I bought this used iBook and the pwoer jack is a bit funky you have to find the sweet spot for it to charge. you have to turn it until the charger symbol comes on. The guy I bought it from said that the battery was going dead and that it only holds about an hours worth of charge. The other day the battery went dead and none of the lights on the battery come on. I ordered a new battery but something tells me that the machine should still boot if it is plugged in? Befor ethe battery went dead it the machine woulf start and after about ten minutes the X would appear on the the battery in the upper right hand corner of the screen and then the whole thing would just shut down. Any suggestions would help 
Thanks!.


----------



## Raijin Z (Mar 9, 2005)

The power jack definitely needs resoldering. I've resoldered a couple different laptop power jacks this month alone... One would think they'd start designing them better. It's not difficult if you know how to solder properly, but it's still a royal pain (which is why it costs so much to fix).


----------



## lowt3 (Mar 14, 2005)

Thanks! I found this site that shows you step by step how to take the thing apart. There is still the battery issue though? I hope the new one will fix the problem.
Thanks again.


----------



## MSY-Houston (Dec 5, 2004)

Another user just posted this site. You might see if there's something that could pertain to your problem. You may need to have hardware repaired.

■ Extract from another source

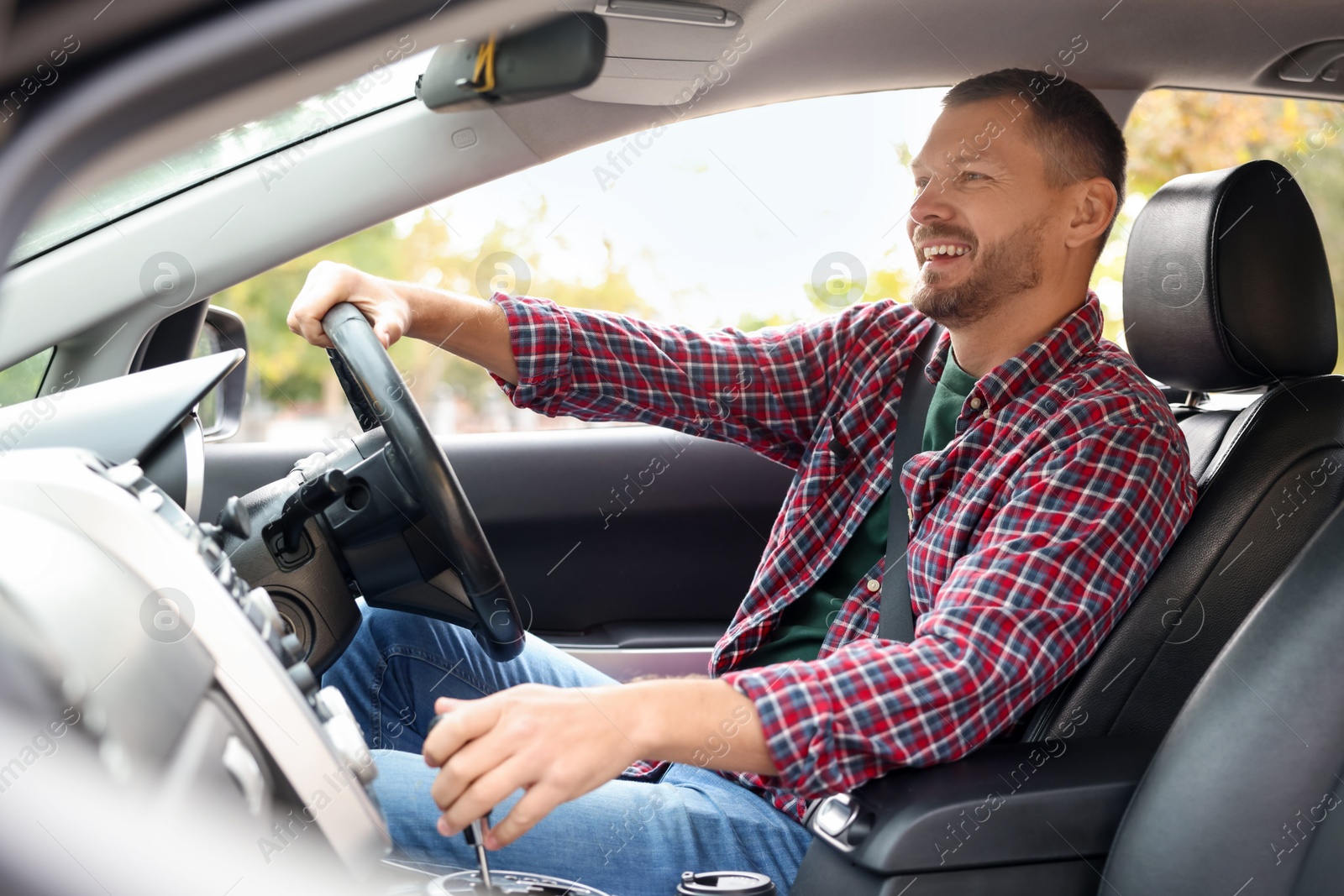 Photo of Man driving modern car, view through window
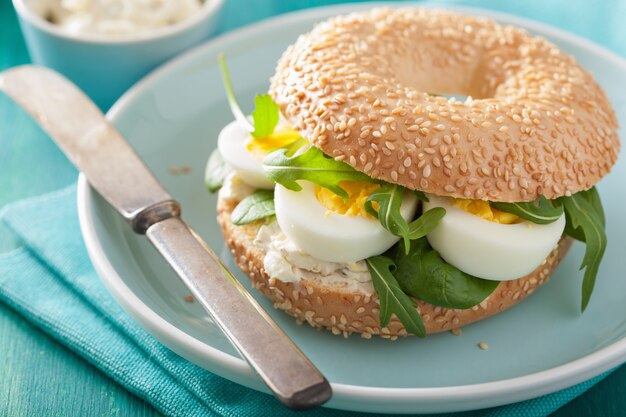 Breakfast Bagel with egg, cream cheese and arugula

You are correct in that the laptop should run when plugged into an A/C source. Not sure what that means, but it might not be just the battery.

http://www.whoopis.com/computer_repair/


----------



## MSY-Houston (Dec 5, 2004)

You also might go to the Apple support site and do a search on the words:

ibook G3 battery

http://www.apple.com/support/


----------



## lowt3 (Mar 14, 2005)

I think I may have a fried logic board? I thoght I read somewhere that apple is doing a recall on some of there older iBook logic boards? I got a new battery and the machine will start and run it just won' charge. Iopened it up and looked at the dc input and none of the soldering looks bad? It won't read that I have it plugged in. I wonder if I did a claen install of OSX if that would fix it. Everything else points to the logic board. Can anyone help?
Thanks!


----------



## lowt3 (Mar 14, 2005)

my iBook won't charge. The light comes on when you plug it in but the control strip doesn't show that it's charging. I am about to blow the damn thing up!! ( But it's a mac and I love it too much )
Please help,


----------



## mgillen (Mar 19, 2005)

it might boot if you remove the battery before you plug it in. my battery was causing the screen to flicker and then freeze up before going black. took it out and it works fine on AC.


----------



## MSY-Houston (Dec 5, 2004)

Good suggestion.

Houston


----------